__Exercise requirements__
Before you return the entries below, strip out the pictures and keep all else exact.

__Supplied information__

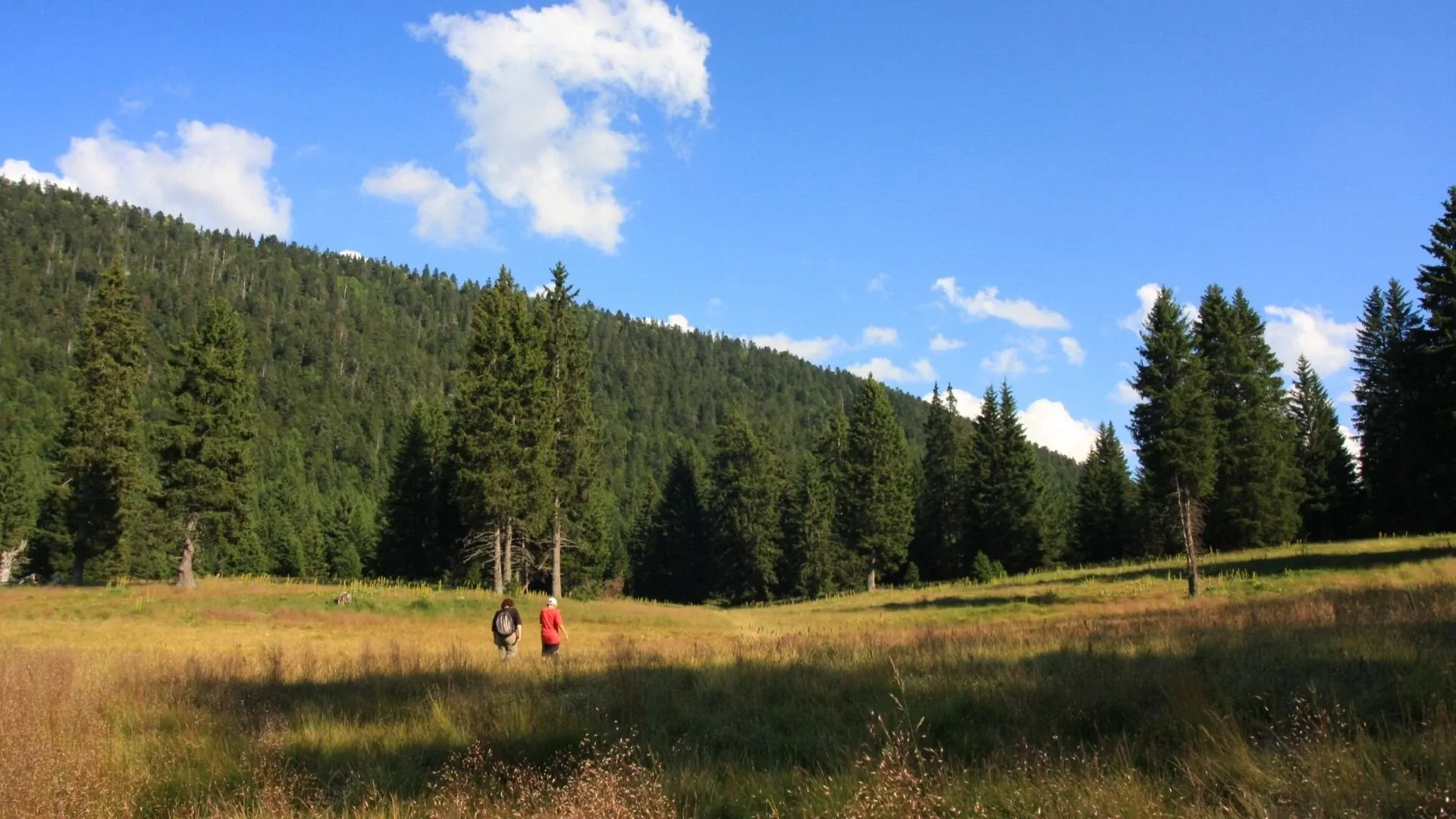 Plaine de la Molière - Vercors - France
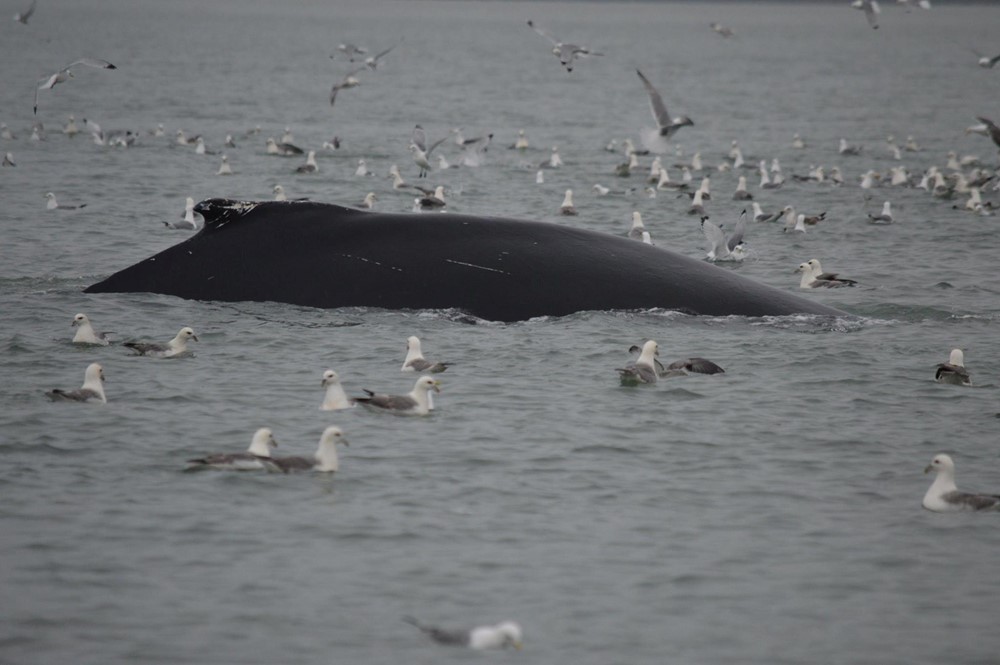 CB_Birds and Whales 1.jpg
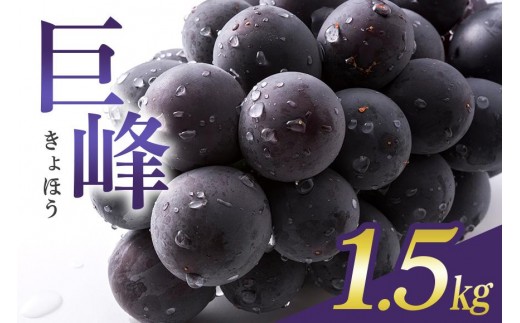 【 2026年 先行予約 】 巨峰 1.5kg ( 種あり ) 石田ぶどう園 4房 ～ 7房 国産 ぶどう ブドウ 果物 くだもの 葡萄 フルーツ 1.5キロ 9月 10月 発送 秋 旬 品種 茨城県産 産地直送 産直 農家直送 冷蔵 茨城県 石岡市 (A02-001)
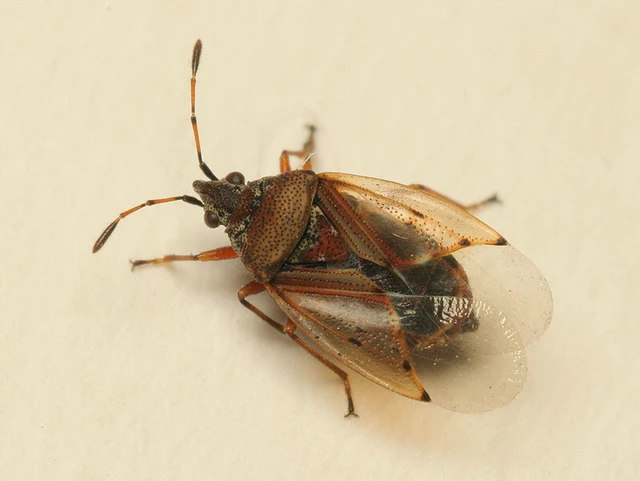 Kleidocerys resedae - nyírbodobács Kleidocerys resedae - nyírbodobács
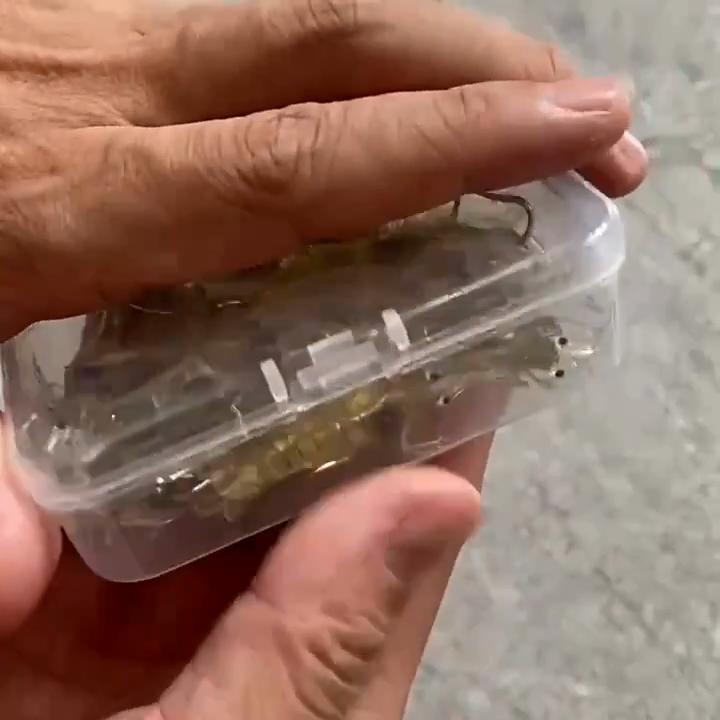 Soft Simulation Fishhook Shrimp Prawn Lure Hook Tackle Bait Fishing Lures Artificialbait Luminous Shrimp 4cm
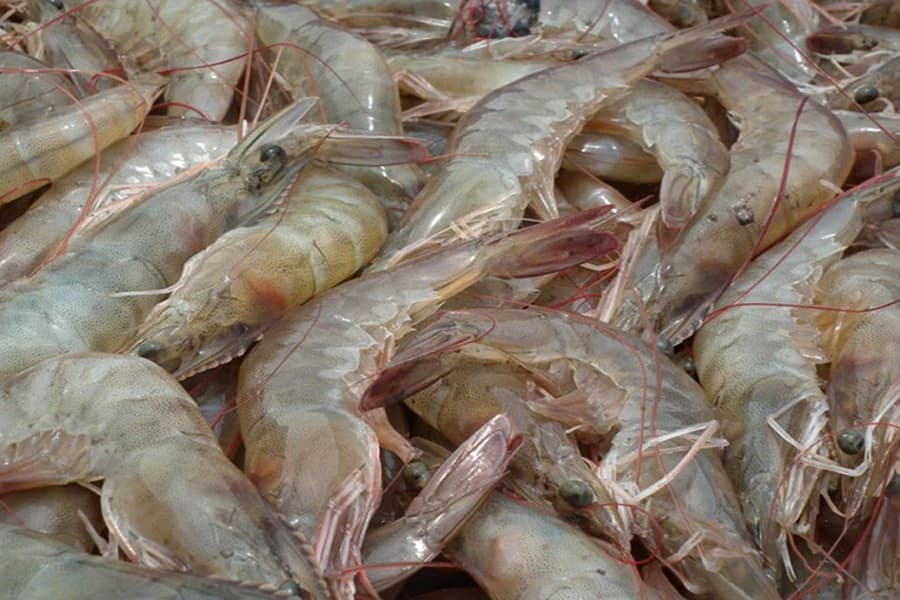 Drastic fall in shrimp export earnings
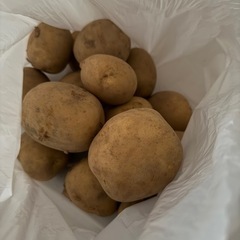 【 短 期 出 品 】  じゃがいも
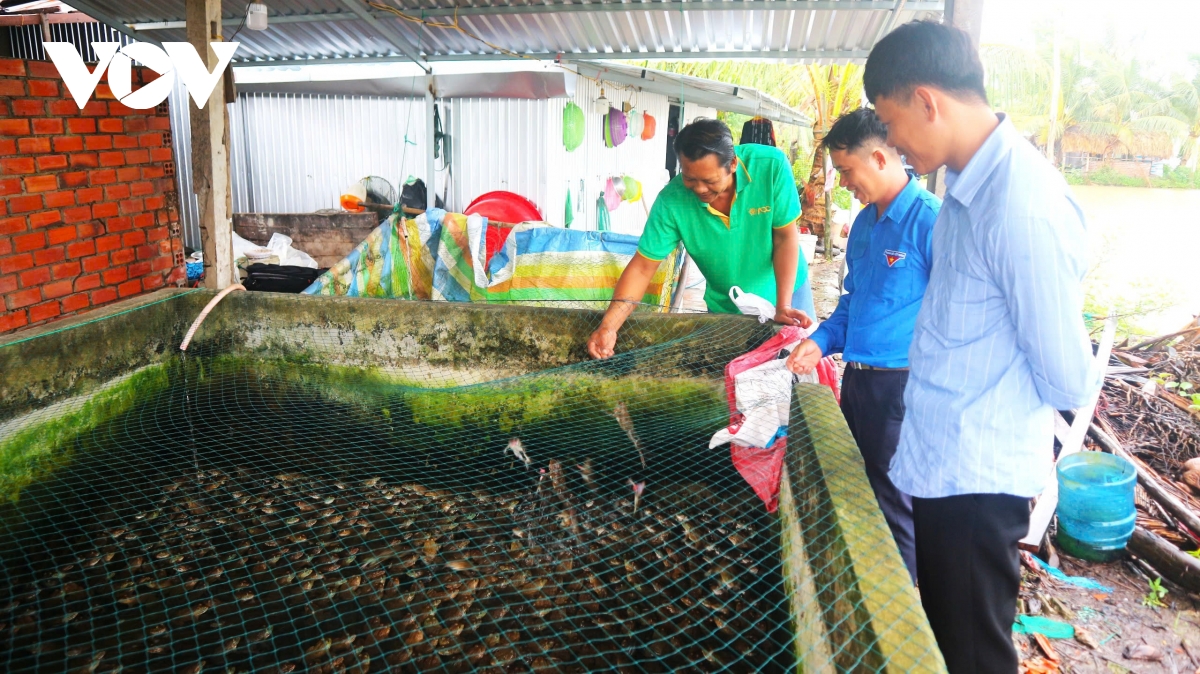 thanh niên khmer khởi nghiệp, xây dựng được mô hình kinh tế hiệu quả hình ảnh 2 thanh nien khmer khoi nghiep, xay dung duoc mo hinh kinh te hieu qua hinh anh 2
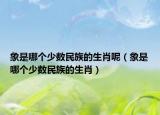 象是哪個少數(shù)民族的生肖呢（象是哪個少數(shù)民族的生肖）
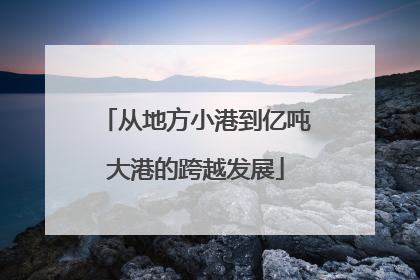 从地方小港到亿吨大港的跨越发展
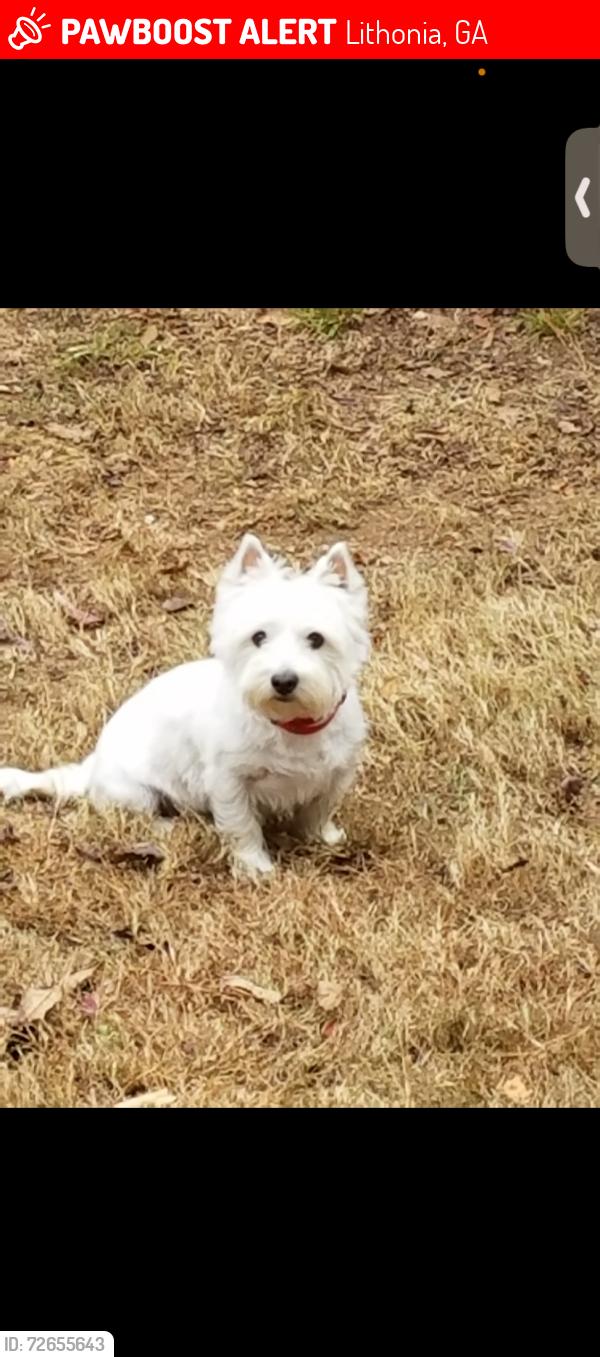 Lost Female Dog last seen Near Whittondale Rd, Lithonia, GA 30058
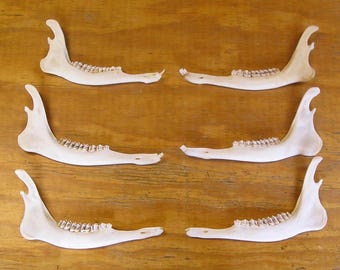 6 Deer Jaw Bones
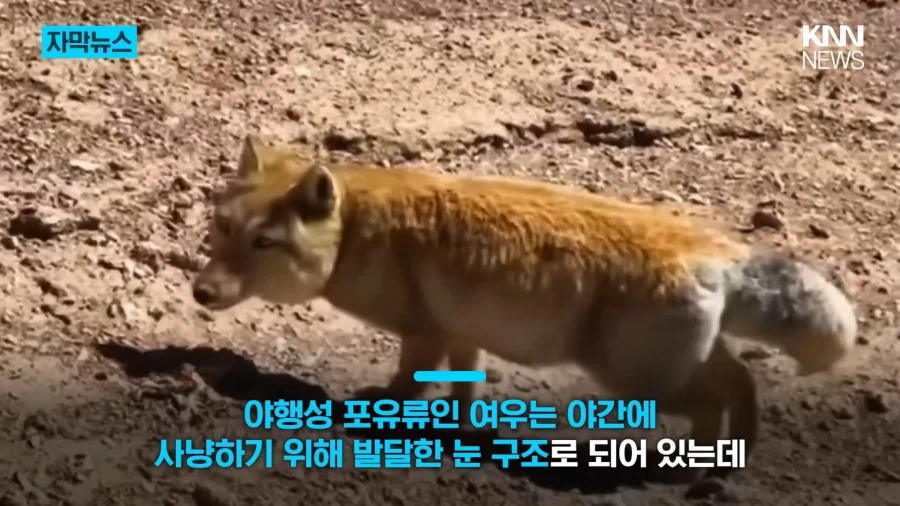 모두를 속인 티베트여우 | 인스티즈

__Output for this task__
 Plaine de la Molière - Vercors - France
 CB_Birds and Whales 1.jpg
 【 2026年 先行予約 】 巨峰 1.5kg ( 種あり ) 石田ぶどう園 4房 ～ 7房 国産 ぶどう ブドウ 果物 くだもの 葡萄 フルーツ 1.5キロ 9月 10月 発送 秋 旬 品種 茨城県産 産地直送 産直 農家直送 冷蔵 茨城県 石岡市 (A02-001)
 Kleidocerys resedae - nyírbodobács Kleidocerys resedae - nyírbodobács
 Soft Simulation Fishhook Shrimp Prawn Lure Hook Tackle Bait Fishing Lures Artificialbait Luminous Shrimp 4cm
 Drastic fall in shrimp export earnings
 【 短 期 出 品 】  じゃがいも
 thanh niên khmer khởi nghiệp, xây dựng được mô hình kinh tế hiệu quả hình ảnh 2 thanh nien khmer khoi nghiep, xay dung duoc mo hinh kinh te hieu qua hinh anh 2
 象是哪個少數(shù)民族的生肖呢（象是哪個少數(shù)民族的生肖）
 从地方小港到亿吨大港的跨越发展
 Lost Female Dog last seen Near Whittondale Rd, Lithonia, GA 30058
 6 Deer Jaw Bones
 모두를 속인 티베트여우 | 인스티즈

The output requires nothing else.